Stochastic activations
Maria Lomeli, Matthijs Douze, Gergely Szilvasy, Loic Cabannes, Jade Copet, Sainbayar Sukhbaatar, Jason Weston, Gabriel Synnaeve, Pierre-Emmanuel Mazaré, Hervé Jégou
TL;DR
The paper tackles the tension between the train-time optimization benefits of non-sparse activations (SILU) and the inference-time efficiency of sparse activations (RELU) by introducing Swi+FT and StochA. Swi+FT pretrains with SILU and finitely finetunes with RELU to recover sparsity at inference without sacrificing accuracy, while StochA introduces a stochastic choice between activations to balance optimization and sparsity and to boost generation diversity. Empirical results on LM1.5B and LM3B demonstrate notable CPU speedups (up to ~65% with 90% sparsity) and strong performance on downstream tasks, with StochA at test time yielding diverse outputs without extensive fine-tuning. Overall, the work provides practical activation-design strategies that improve inference efficiency and text-generation diversity, with generalizable concepts for arbitrary activation pairs.
Abstract
We introduce stochastic activations. This novel strategy randomly selects between several non-linear functions in the feed-forward layer of a large language model. In particular, we choose between SILU or RELU depending on a Bernoulli draw. This strategy circumvents the optimization problem associated with RELU, namely, the constant shape for negative inputs that prevents the gradient flow. We leverage this strategy in two ways: (1) We use stochastic activations during pre-training and fine-tune the model with RELU, which is used at inference time to provide sparse latent vectors.

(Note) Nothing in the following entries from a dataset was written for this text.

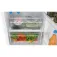 Balay 3KFD553WI Combi fridge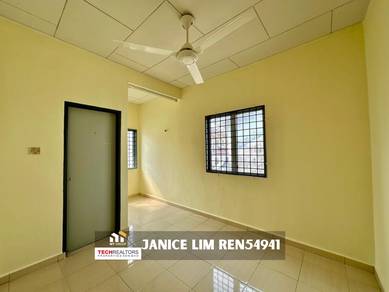 2-storey Terraced House For Sale in Kulim,KDH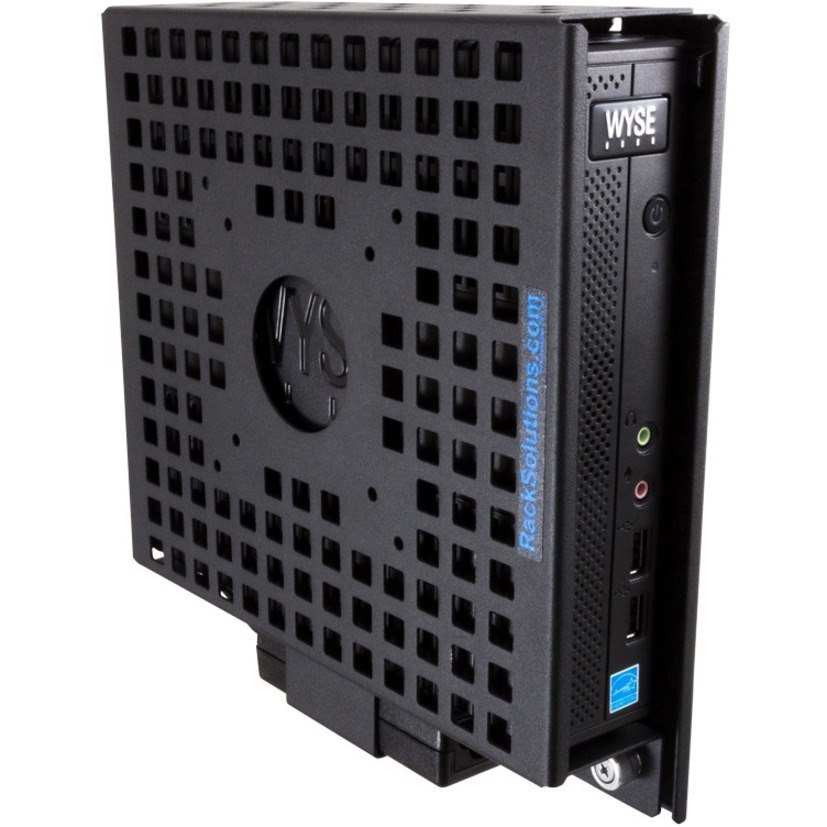 Rack Solutions 100-C Fixed Wall Mount for Dell Wyse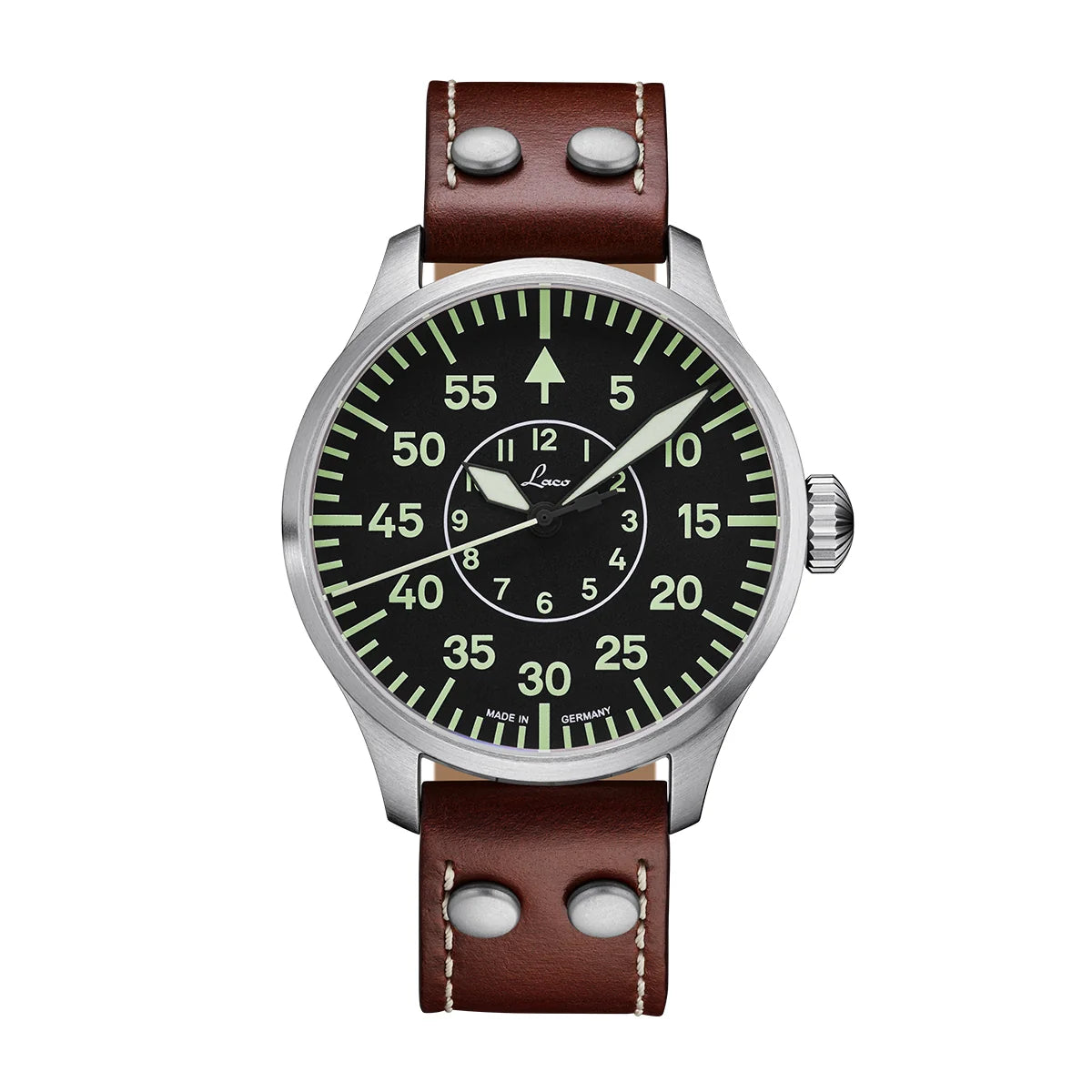 Pilot Basic Aachen 42 861690.2 Laco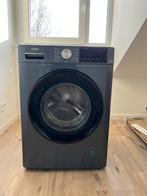 Wasmachine chiq CFL-100-14586IM3XA, Ophalen, Zo goed als nieuw, 1200 tot 1600 toeren, 85 tot 90 cm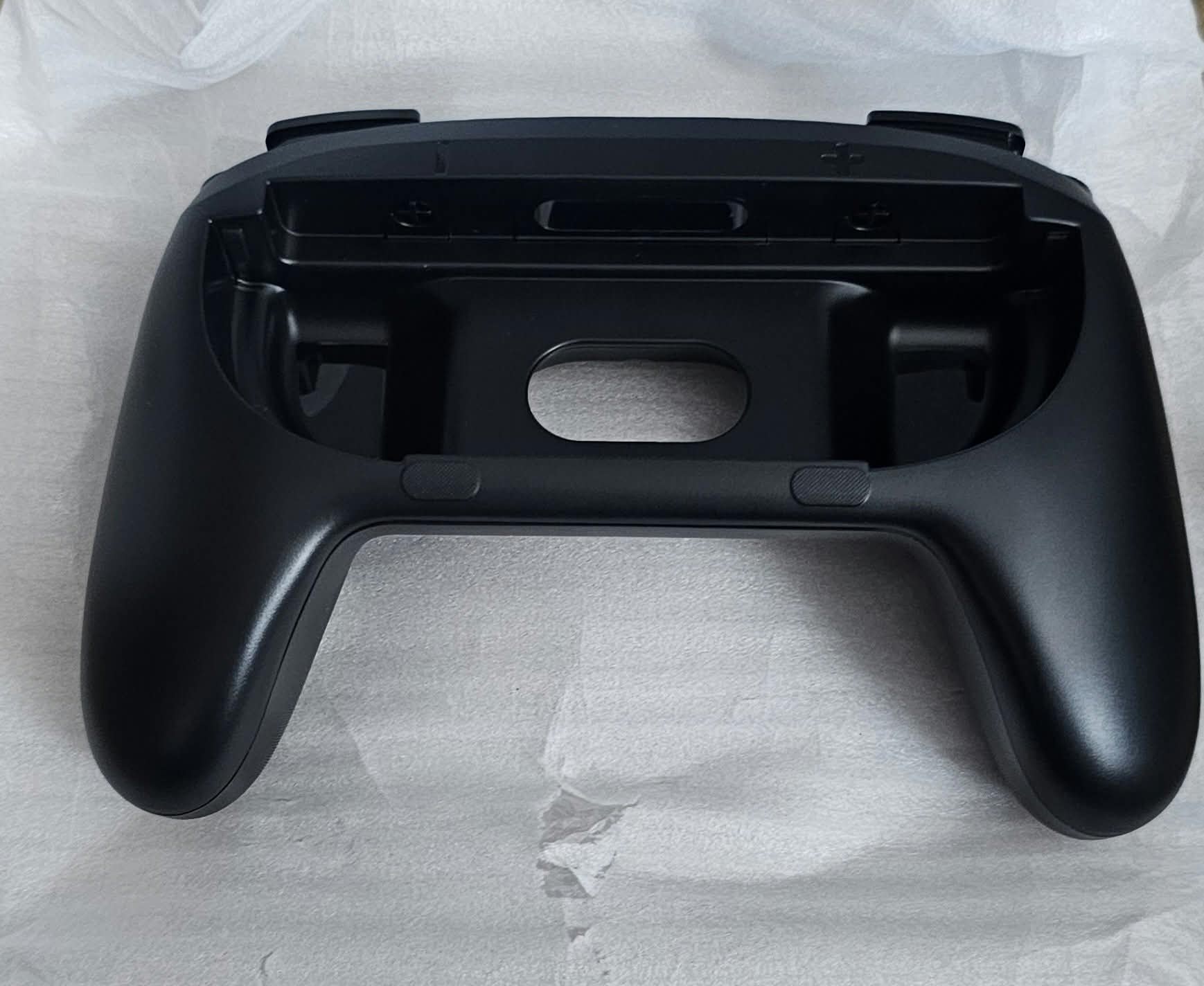2pk Gaming And Charging Grip For Nintendo Switch 2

This reduces the inference FLOPs and translates into a significant speedup on CPU and GPU. This leads to better results than training from scratch with the RELU activation function. (2) We evaluate stochastic activations for sequence generation. This strategy performs reasonably well: it has higher diversity and has only slightly inferior performance to the best deterministic non-linearity, SILU, combined with temperature sampling. This provides an alternative way to increase the diversity of generated text.